Keep in mind, though, call features are designed to benefit the issuer, not the investor. Borrowers are always keen to minimize finance costs. So redemptions are more common during periods of falling rates. The lower future interest rates fall below the coupon, the more likely the preferred will be redeemed and a new series issued at the cheaper prevailing rate (just as you or I would refinance a house).

Capital One would be more inclined to refinance a 4.375% rate if future borrowing costs are at 3% than 6%.

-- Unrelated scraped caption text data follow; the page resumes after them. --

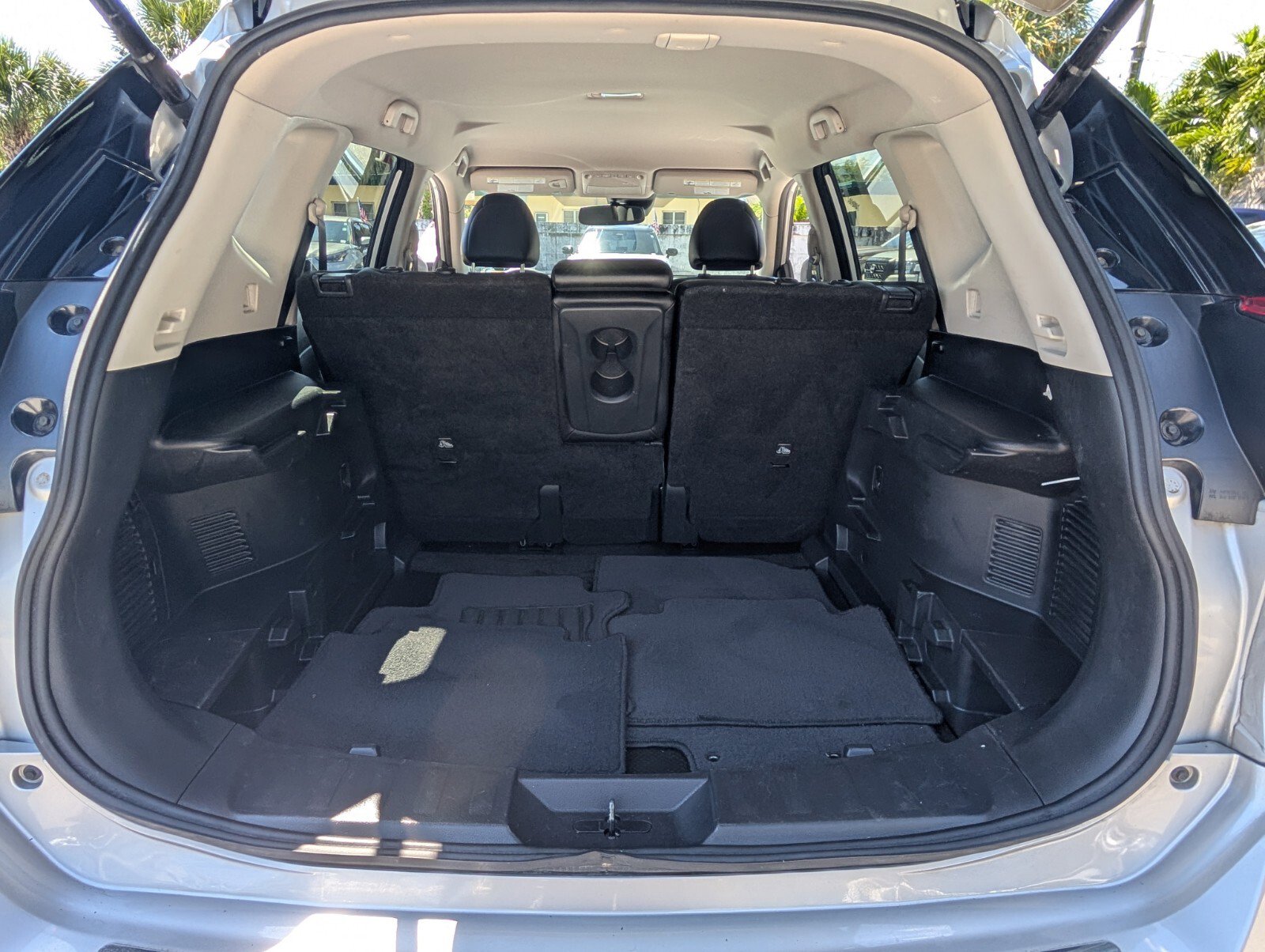 Used 2019 Nissan Rogue SL image 15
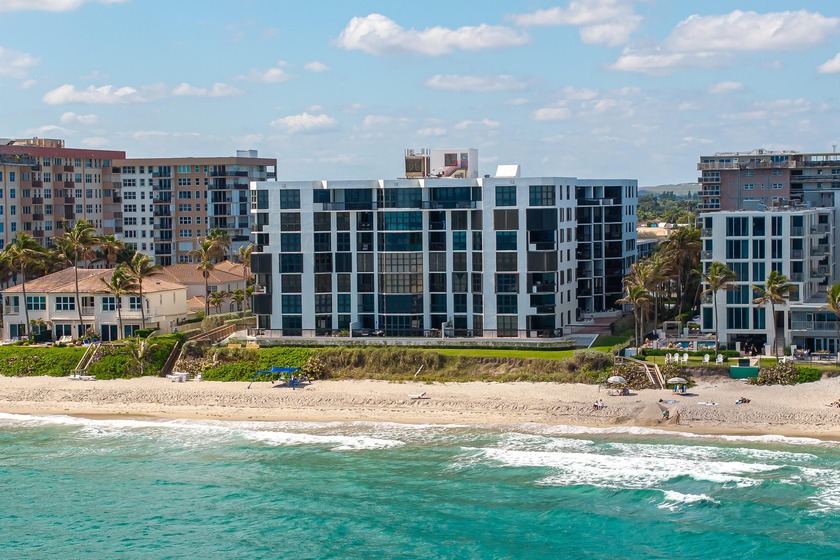 Beautiful and updated condo located on the famous Hillsboro Mile - Beach Condo for sale in Hillsboro Beach, Florida on Beachhouse.com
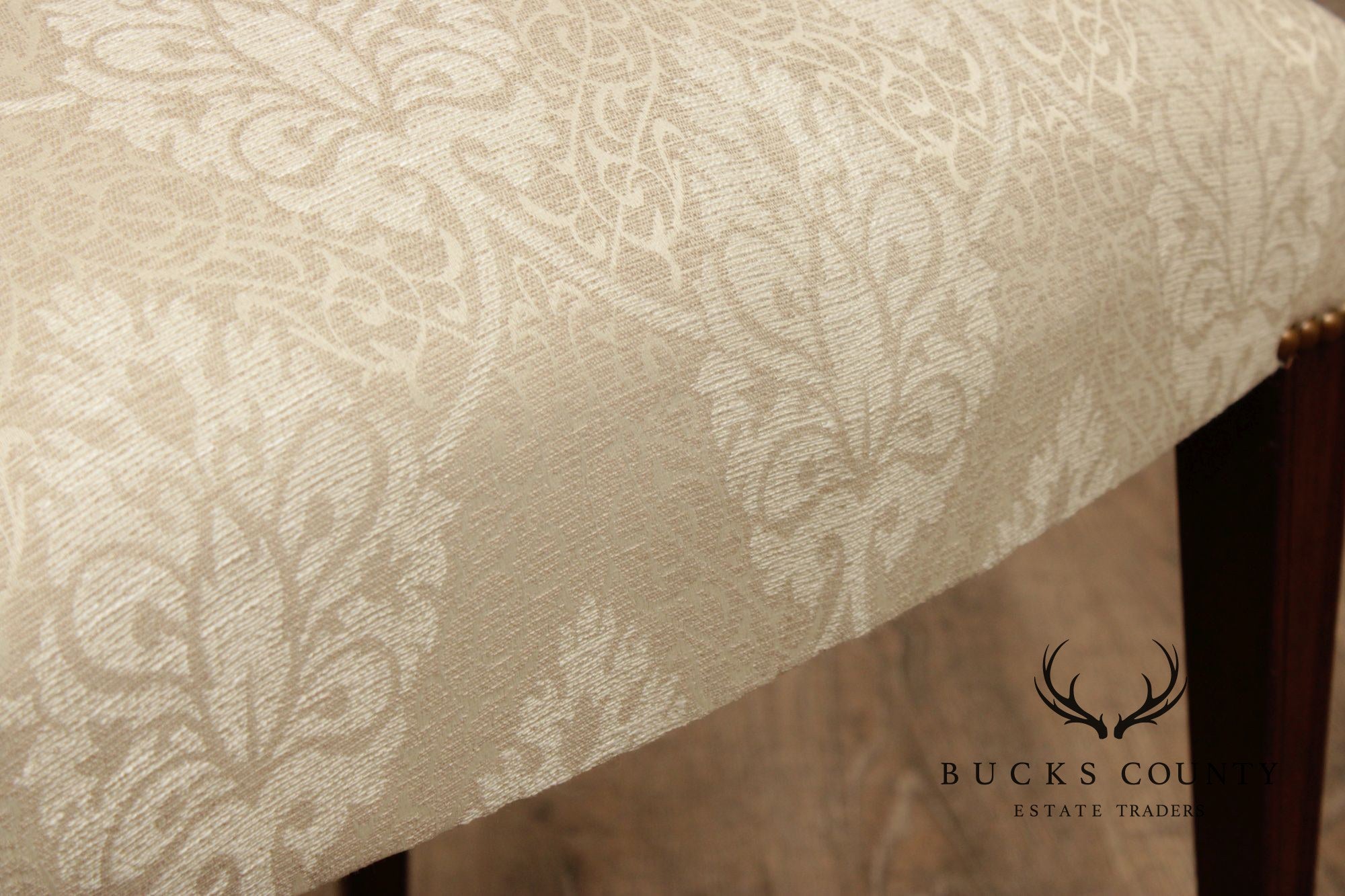 Hepplewhite Style Custom Quality Set Of Eight Carved Shield Back Dining Chairs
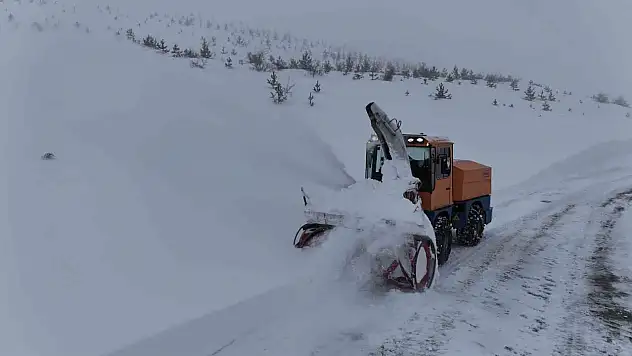Elazığ'da 113 Köy Yolunda Çalışmalar Devam Ediyor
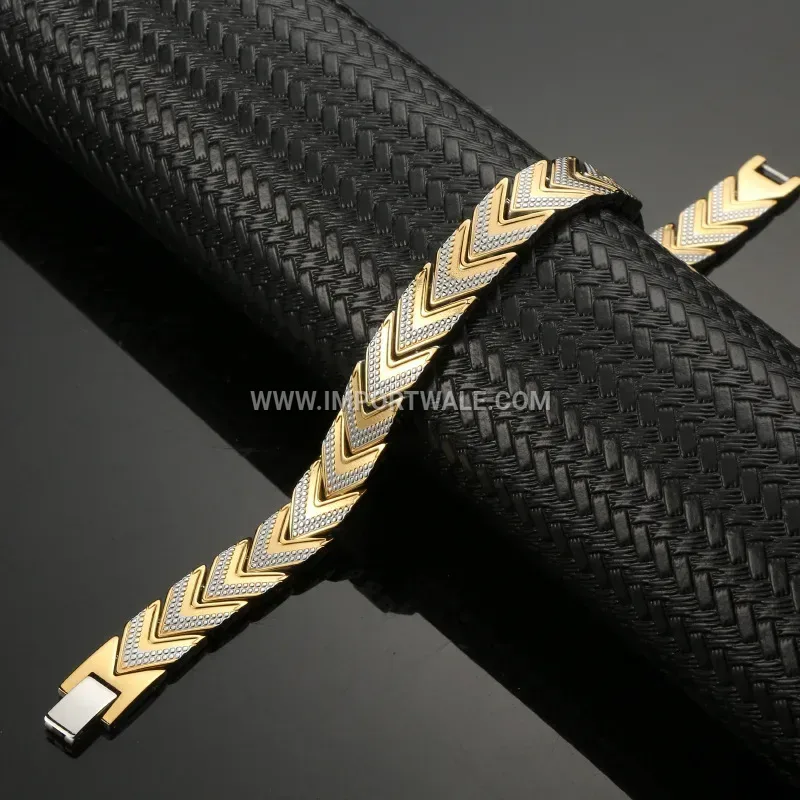 Men's Mirror Polished Wave Link Magnetic Bracelet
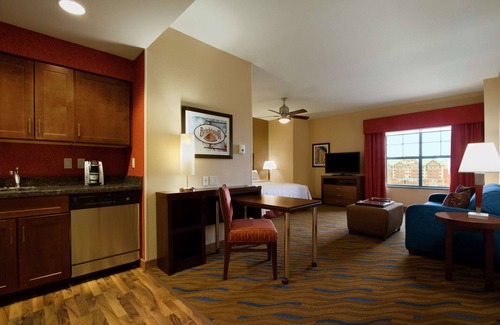 Bricktown Apartamento | 2 Connecting Suites at a Hotel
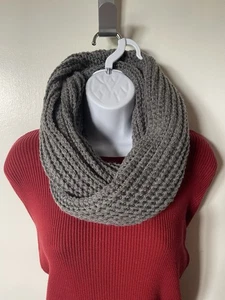 INFINITY SCHAL LOOP KUTTE GRAU GEHÄKELT HALSWÄRMER WINTER HANDMADE US UNISEX - Bild 1 von 9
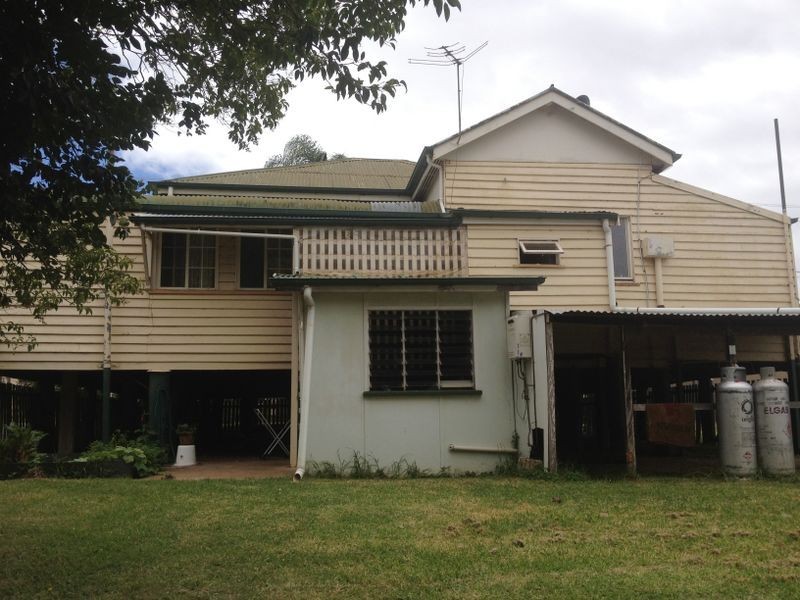 37 Albert Street, Kingaroy QLD 4610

As redemption becomes more likely, it’s normal for preferred stocks to gravitate back toward par value. That can mean gains for securities bought at a discount to par or losses for those purchased at a premium. This can present some uncertainty.

You might see a preferred stock trading at $26.50 with a par value of $25. If the stock is called, the investor would cash out with a loss of $1.50 per share. That modest setback might be more than offset by higher dividends in the interim. Still, don’t be caught off guard by call features.

In the meantime, expect to pocket steady payments every 90 days — often at two to three times what the issuer pays its common stockholders.

Let Funds Do The Work For You…

Investors have plenty of options. For some, a passive exchange-traded fund (ETF) such as iShares Preferred & Income Securities (NYSE: PFF) does the trick. It’s low-cost and offers a healthy payout above 6%. And after trading near $40 (before the Fed rate tightening cycle began), the fund is now hovering close to a multi-year low below $30.

But I prefer a hands-on approach to a rigid index for this asset class. Aside from steering clear of potential trouble and utilizing leverage to enhance returns, closed-end funds (CEFs) have another structural advantage over ETFs: they have a deeper pool to fish.

Few people know that traditional exchange-traded preferred stocks comprise only about 15% of this market. They are often referred to as the retail market. The other 85% of preferreds (some $1 trillion outstanding) only change hands over the counter between institutional investors.

Since ETFs are limited to listed securities, they are shut out of the institutional side of the market and miss out on 85% of the available universe. Institutional OTC preferreds typically offer better call protection and higher payouts. And over the past quarter century, they have outperformed their retail siblings by 1.3% annually — potentially compounding into thousands of dollars more over the long haul.

Action To Take

Hopefully, this gives you an understanding of not only how preferred stocks work, but also the myriad options for investors in this space.

After weighing over a dozen top contenders, we ended up going with a trusted leader in the CEF field over at High-Yield Investing. The fund had its struggles last year. But with Fed rate tightening having nearly run its course and the banking scare fading from the news cycle, the stage is set for a powerful bounce over the next 12 months.

That said, COF-PL looks like a compelling value right now. There are many such cases in this corner of the investing world.

Which path you choose is ultimately up to you. But if you’re looking for income, I wouldn’t ignore this asset class.